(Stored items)

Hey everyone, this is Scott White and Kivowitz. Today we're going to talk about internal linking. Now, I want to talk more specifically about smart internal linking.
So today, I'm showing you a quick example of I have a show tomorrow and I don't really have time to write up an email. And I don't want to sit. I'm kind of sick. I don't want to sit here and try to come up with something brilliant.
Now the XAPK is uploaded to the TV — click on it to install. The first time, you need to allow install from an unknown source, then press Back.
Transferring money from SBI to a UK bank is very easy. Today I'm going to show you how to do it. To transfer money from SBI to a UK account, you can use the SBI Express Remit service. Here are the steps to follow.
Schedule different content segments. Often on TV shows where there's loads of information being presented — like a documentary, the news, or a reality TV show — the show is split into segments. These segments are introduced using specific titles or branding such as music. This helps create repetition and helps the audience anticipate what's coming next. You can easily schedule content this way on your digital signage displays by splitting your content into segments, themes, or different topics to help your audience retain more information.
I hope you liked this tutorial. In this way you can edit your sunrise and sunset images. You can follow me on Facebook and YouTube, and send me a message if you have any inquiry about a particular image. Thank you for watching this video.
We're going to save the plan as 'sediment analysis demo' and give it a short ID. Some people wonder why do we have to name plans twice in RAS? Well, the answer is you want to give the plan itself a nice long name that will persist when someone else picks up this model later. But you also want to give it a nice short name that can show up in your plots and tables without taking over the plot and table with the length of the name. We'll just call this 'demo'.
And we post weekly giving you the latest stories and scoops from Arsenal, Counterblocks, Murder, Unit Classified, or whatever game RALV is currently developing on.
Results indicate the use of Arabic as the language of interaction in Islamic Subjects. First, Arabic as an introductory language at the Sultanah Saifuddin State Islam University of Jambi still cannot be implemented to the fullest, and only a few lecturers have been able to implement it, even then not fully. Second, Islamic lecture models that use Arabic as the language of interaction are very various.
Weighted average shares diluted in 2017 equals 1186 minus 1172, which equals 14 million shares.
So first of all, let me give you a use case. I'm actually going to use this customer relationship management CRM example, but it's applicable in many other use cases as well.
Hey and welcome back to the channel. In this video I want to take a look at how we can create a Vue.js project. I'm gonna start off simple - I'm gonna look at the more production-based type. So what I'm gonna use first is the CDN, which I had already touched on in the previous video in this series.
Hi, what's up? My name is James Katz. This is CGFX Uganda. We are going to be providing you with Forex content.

Directions for this task: Which of the lines above include the string "content"? Pick them out and copy them.

Expected answer:
Schedule different content segments. Often on TV shows where there's loads of information being presented — like a documentary, the news, or a reality TV show — the show is split into segments. These segments are introduced using specific titles or branding such as music. This helps create repetition and helps the audience anticipate what's coming next. You can easily schedule content this way on your digital signage displays by splitting your content into segments, themes, or different topics to help your audience retain more information.
Hi, what's up? My name is James Katz. This is CGFX Uganda. We are going to be providing you with Forex content.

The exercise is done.